My thanks to Greg Cranz for starting a conversation on this subject that led me to finally get it straight.
Back at the dawn of time before we were all one world and everyone lived and worked in their own computerized silos, IBM, Microsoft and others came up with a variety of (mostly incompatible) schemes for displaying international characters. Then Unicode came along and all our problems were solved. Well, not really.
First of all, many of those pre-Unicode schemes are still in use and the major software vendors continue to enable them for backward compatibility. To do otherwise would undoubtedly provoke the wrath of customers both big and small. Secondly, while UTF-8 is the dominant encoding scheme used on the Internet and in a lot of software, it competes with other schemes like UTF-16 that are favored by many.
All LDAPv3 compliant directories store string data with UTF-8 encoding. As a result it is important to make sure that what is being stored is compatible with that scheme.

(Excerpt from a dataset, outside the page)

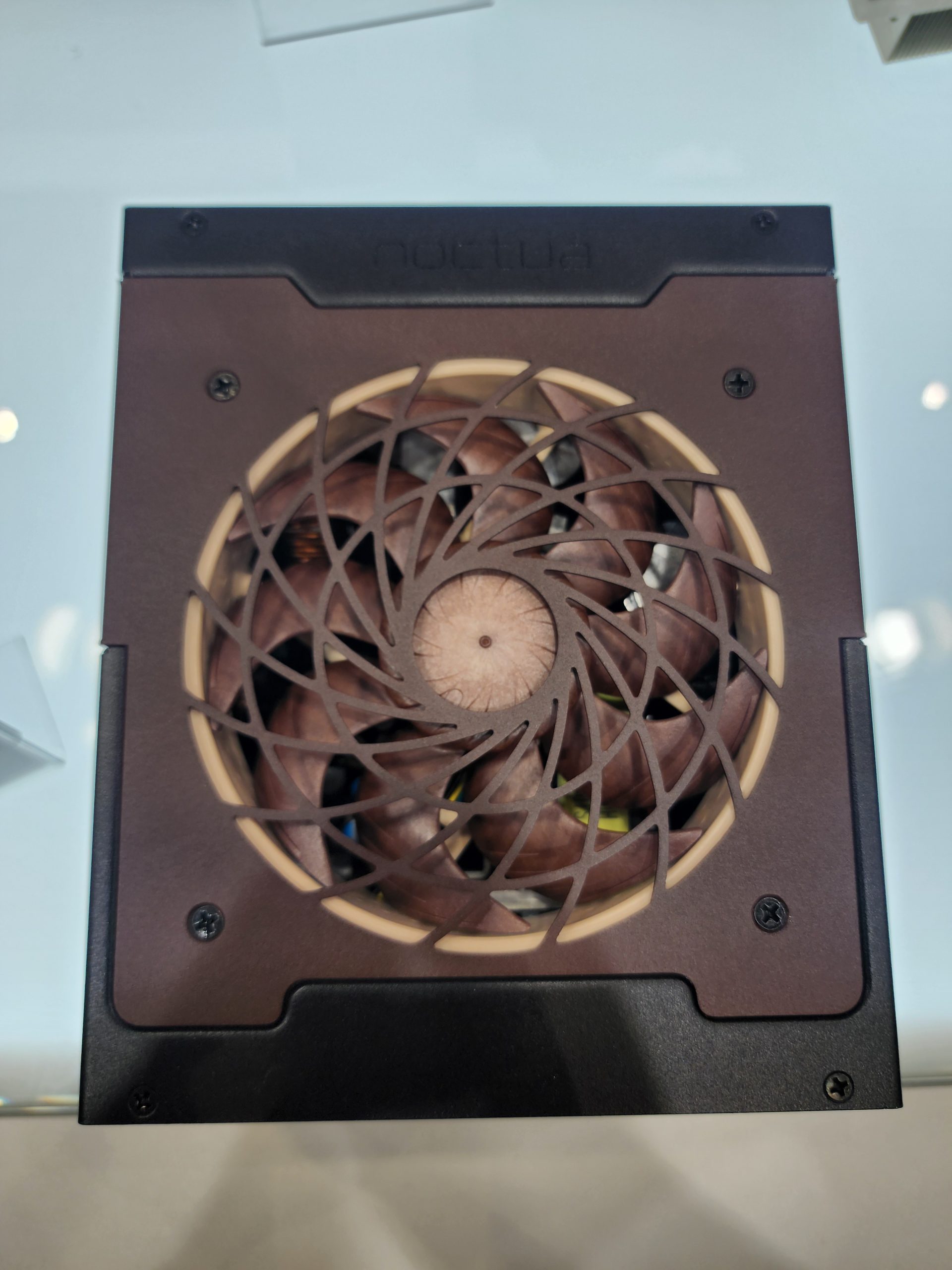 Noctua ламає традиції: перші AIO-водянки від €219, нові радіатори та блоки живлення PRIME TX з OptiGuard 32 Noctua ламає традиції: перші AIO-водянки від €219, нові радіатори та блоки живлення PRIME TX з OptiGuard 32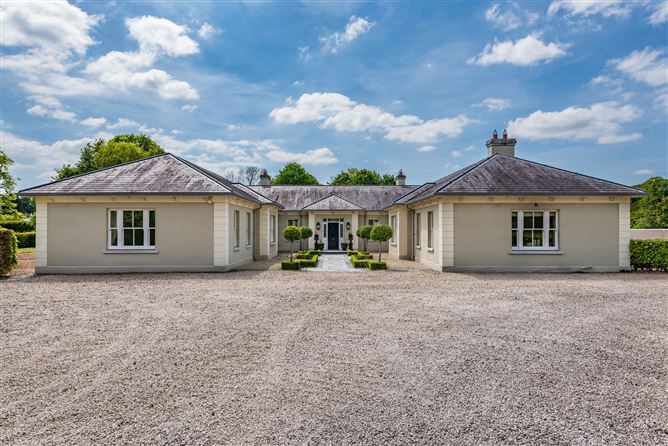 Winterberry Lodge, Eyrefield, Athgarvan, Curragh, Kildare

Over the years perl’s UTF-8 handling has gone from being a bolt-on to an integral part of the language. As a result there are a number of pragmas available that make it easy to import and export UTF-8 encoded strings.
For example, you can instruct perl to require UTF-8 encoding when reading from or writing to files. The :utf8 function allows you to do this in a simple and straightforward way. For example:
open(FH, "<:utf8", $infile) or die $!; open(FH1, ">:utf8", $outfile) or die $!;
From the doc for PerlIO:
Declares that the stream accepts perl’s internal encoding of characters. (Which really is UTF-8 on ASCII machines, but is UTF-EBCDIC on EBCDIC machines.) This allows any character perl can represent to be read from or written to the stream. The UTF-X encoding is chosen to render simple text parts (i.e. non-accented letters, digits and common punctuation) human readable in the encoded file.
There’s an important caution in the doc, a bare “:utf8” declaration will not validate that the data is UTF-8 encoded. To do that you need to use the “:encoding(utf8)” function as described in the utf8 pragma doc.